→ Problem requirements: Locate the line that contains "25, 4, 2026". Print it and every subsequent line through the final line of the records, exactly and only those.
━━━━━ Given data ━━━━━
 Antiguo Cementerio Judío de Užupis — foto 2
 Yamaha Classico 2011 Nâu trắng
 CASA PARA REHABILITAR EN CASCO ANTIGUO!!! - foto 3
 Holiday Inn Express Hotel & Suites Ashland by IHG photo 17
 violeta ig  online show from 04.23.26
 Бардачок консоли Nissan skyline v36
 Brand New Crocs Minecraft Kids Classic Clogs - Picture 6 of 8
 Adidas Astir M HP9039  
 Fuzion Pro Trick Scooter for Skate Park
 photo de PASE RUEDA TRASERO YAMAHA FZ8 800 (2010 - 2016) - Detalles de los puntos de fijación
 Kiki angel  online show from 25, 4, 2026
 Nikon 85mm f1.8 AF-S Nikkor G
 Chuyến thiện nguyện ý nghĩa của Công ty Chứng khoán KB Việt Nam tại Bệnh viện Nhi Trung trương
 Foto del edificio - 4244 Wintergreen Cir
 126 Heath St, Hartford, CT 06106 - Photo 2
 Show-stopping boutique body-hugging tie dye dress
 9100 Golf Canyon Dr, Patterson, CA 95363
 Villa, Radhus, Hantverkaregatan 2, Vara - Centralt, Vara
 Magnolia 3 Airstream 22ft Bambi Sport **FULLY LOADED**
━━━━━
→ Expected answer:
 Kiki angel  online show from 25, 4, 2026
 Nikon 85mm f1.8 AF-S Nikkor G
 Chuyến thiện nguyện ý nghĩa của Công ty Chứng khoán KB Việt Nam tại Bệnh viện Nhi Trung trương
 Foto del edificio - 4244 Wintergreen Cir
 126 Heath St, Hartford, CT 06106 - Photo 2
 Show-stopping boutique body-hugging tie dye dress
 9100 Golf Canyon Dr, Patterson, CA 95363
 Villa, Radhus, Hantverkaregatan 2, Vara - Centralt, Vara
 Magnolia 3 Airstream 22ft Bambi Sport **FULLY LOADED**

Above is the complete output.